**Exercise aim**
Output the lines of the listing below exactly, starting at the line containing "2021-10-04 - Giuseppe" and stopping after the last line, with any pictures dropped.
- Opening Delimiter -
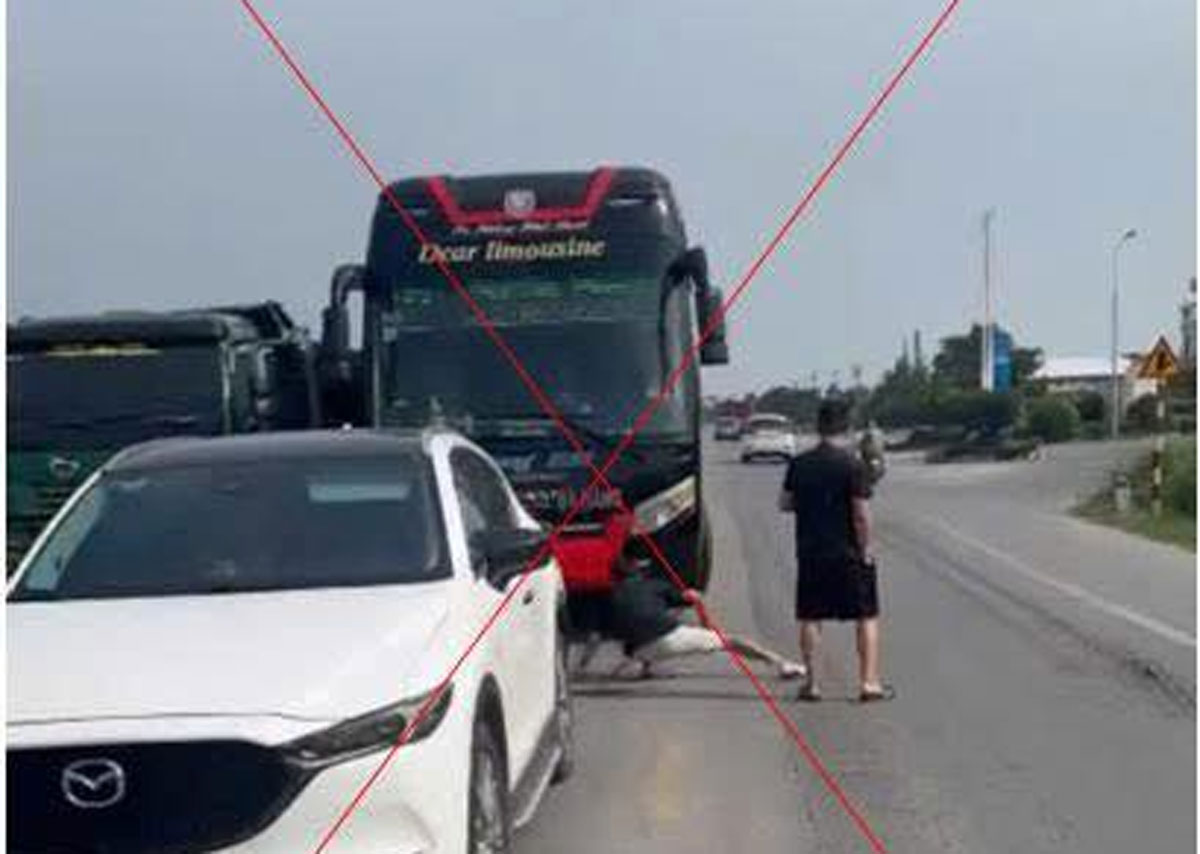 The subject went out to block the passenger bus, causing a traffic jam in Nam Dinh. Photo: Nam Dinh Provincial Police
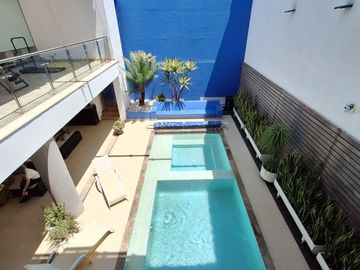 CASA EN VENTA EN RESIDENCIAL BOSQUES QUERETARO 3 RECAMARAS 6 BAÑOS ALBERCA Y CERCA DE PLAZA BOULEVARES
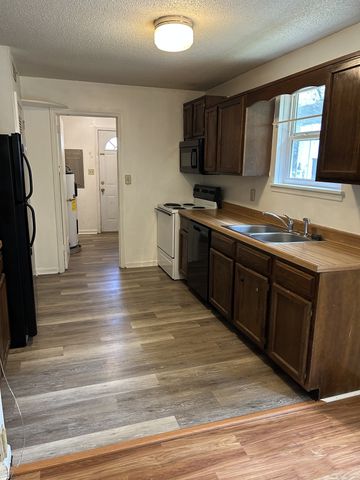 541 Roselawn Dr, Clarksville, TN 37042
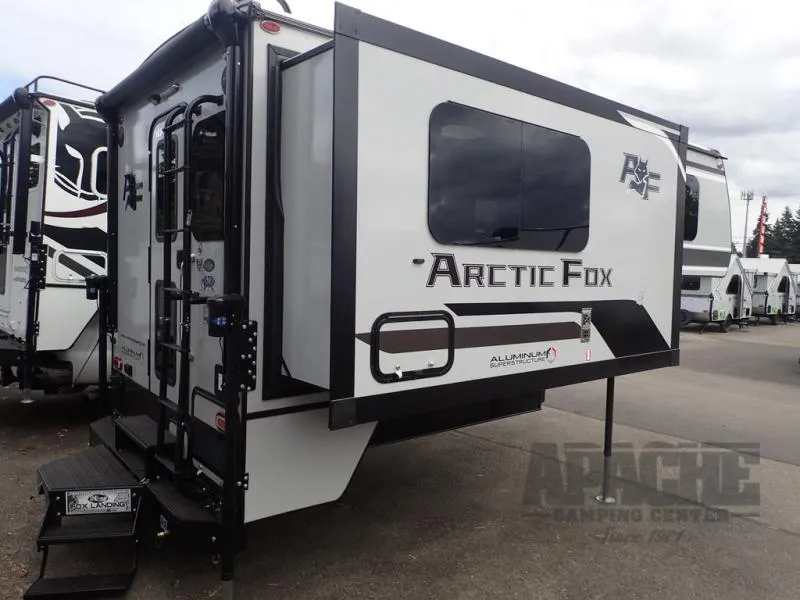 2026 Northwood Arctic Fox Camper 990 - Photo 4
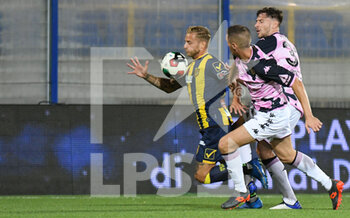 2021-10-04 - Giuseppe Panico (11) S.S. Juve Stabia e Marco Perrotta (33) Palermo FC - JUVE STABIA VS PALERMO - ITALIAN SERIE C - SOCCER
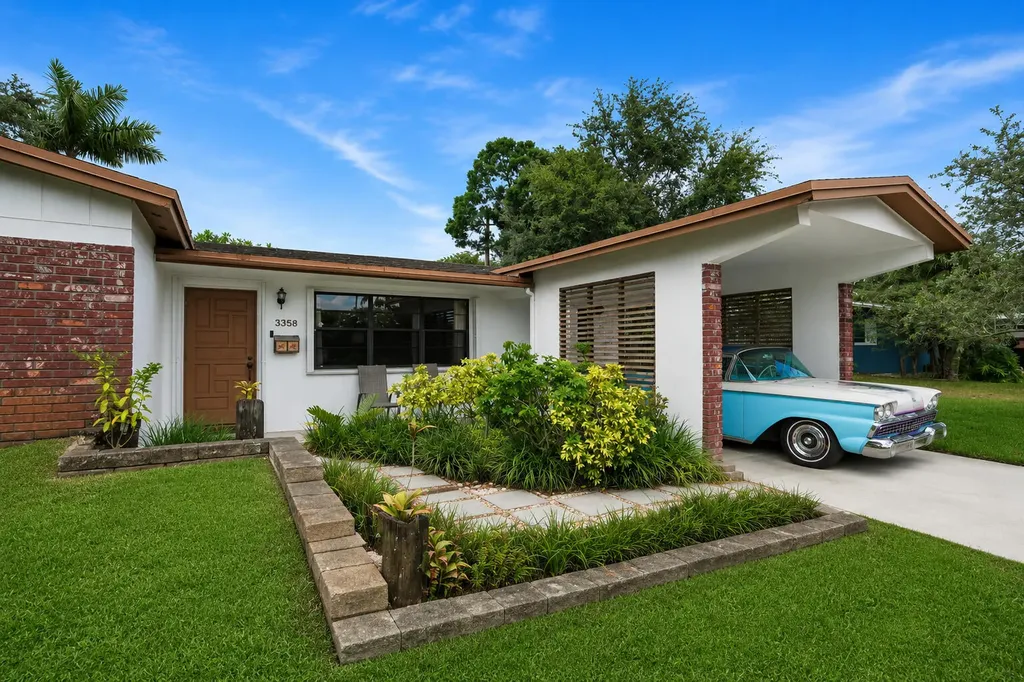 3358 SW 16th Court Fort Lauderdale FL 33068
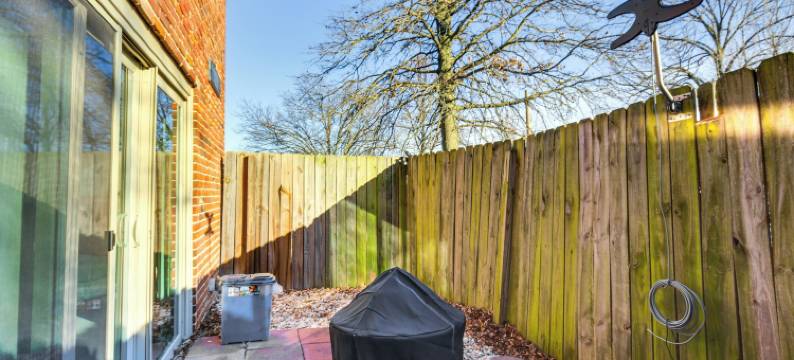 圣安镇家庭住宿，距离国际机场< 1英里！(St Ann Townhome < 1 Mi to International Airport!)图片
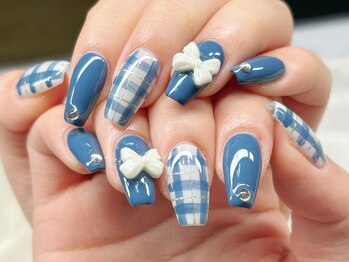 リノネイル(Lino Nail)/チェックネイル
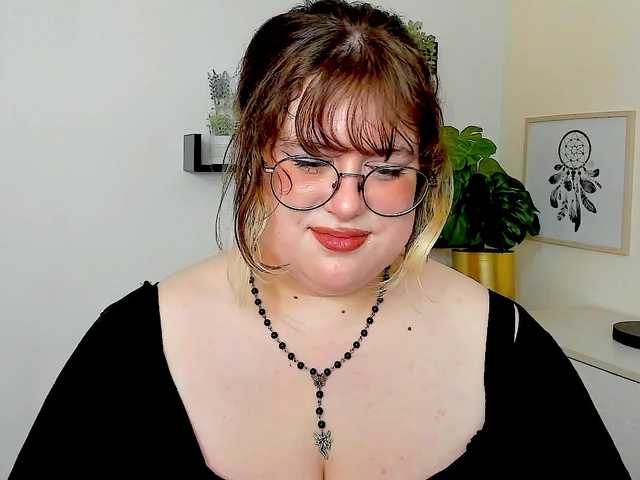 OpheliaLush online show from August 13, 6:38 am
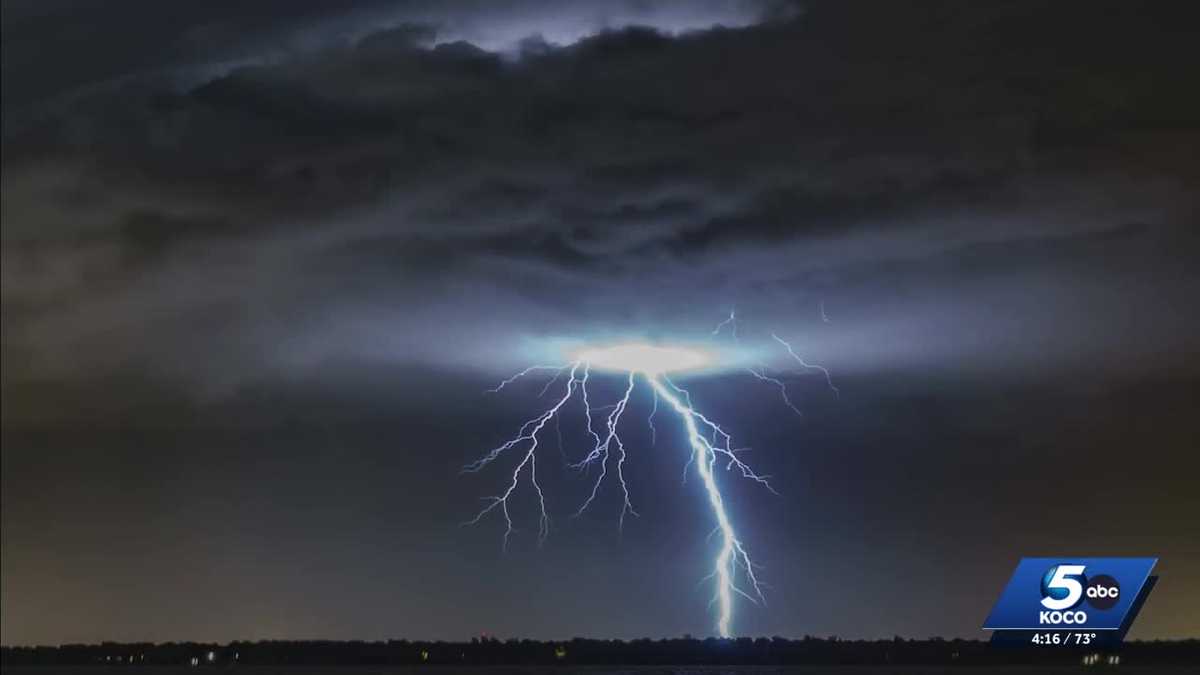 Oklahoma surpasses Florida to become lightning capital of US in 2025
- Closing Delimiter -
**Output**
 2021-10-04 - Giuseppe Panico (11) S.S. Juve Stabia e Marco Perrotta (33) Palermo FC - JUVE STABIA VS PALERMO - ITALIAN SERIE C - SOCCER
 3358 SW 16th Court Fort Lauderdale FL 33068
 圣安镇家庭住宿，距离国际机场< 1英里！(St Ann Townhome < 1 Mi to International Airport!)图片
 リノネイル(Lino Nail)/チェックネイル
 OpheliaLush online show from August 13, 6:38 am
 Oklahoma surpasses Florida to become lightning capital of US in 2025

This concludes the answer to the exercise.